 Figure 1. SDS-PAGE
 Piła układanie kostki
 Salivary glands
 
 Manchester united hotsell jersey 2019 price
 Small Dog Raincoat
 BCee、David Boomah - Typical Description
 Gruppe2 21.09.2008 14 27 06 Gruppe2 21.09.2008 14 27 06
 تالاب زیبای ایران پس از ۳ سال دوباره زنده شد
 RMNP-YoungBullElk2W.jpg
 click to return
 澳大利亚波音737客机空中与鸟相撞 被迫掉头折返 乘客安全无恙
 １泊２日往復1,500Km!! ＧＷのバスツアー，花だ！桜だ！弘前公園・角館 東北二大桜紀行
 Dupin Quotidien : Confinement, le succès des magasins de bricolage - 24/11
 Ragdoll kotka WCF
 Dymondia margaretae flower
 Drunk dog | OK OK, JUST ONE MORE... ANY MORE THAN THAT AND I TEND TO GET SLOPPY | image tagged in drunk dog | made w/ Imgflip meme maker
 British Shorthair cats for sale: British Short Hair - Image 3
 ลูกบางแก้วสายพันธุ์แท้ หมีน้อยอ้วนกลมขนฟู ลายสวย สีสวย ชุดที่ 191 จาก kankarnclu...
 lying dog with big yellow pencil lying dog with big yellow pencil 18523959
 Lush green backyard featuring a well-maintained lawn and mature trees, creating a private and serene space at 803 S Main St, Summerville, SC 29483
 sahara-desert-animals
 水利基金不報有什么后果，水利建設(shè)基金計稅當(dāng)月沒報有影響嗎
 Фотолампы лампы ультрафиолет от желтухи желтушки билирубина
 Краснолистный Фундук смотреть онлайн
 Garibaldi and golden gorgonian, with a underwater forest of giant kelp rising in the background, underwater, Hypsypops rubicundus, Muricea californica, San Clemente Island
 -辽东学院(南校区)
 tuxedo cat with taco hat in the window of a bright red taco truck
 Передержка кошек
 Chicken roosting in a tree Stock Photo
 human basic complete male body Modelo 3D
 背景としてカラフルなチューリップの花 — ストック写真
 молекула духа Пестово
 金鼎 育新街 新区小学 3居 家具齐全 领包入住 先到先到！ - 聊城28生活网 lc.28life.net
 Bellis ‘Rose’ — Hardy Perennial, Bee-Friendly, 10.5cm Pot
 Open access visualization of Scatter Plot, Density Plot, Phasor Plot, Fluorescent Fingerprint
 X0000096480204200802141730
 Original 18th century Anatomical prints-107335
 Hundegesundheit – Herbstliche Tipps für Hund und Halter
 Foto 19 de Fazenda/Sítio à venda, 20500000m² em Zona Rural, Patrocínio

☆ ☆ ☆ ☆ ☆ ☆ ☆

• About this exercise: Write out every line of the entries that holds the word "with".

• Answer space:
 lying dog with big yellow pencil lying dog with big yellow pencil 18523959
 Garibaldi and golden gorgonian, with a underwater forest of giant kelp rising in the background, underwater, Hypsypops rubicundus, Muricea californica, San Clemente Island
 tuxedo cat with taco hat in the window of a bright red taco truck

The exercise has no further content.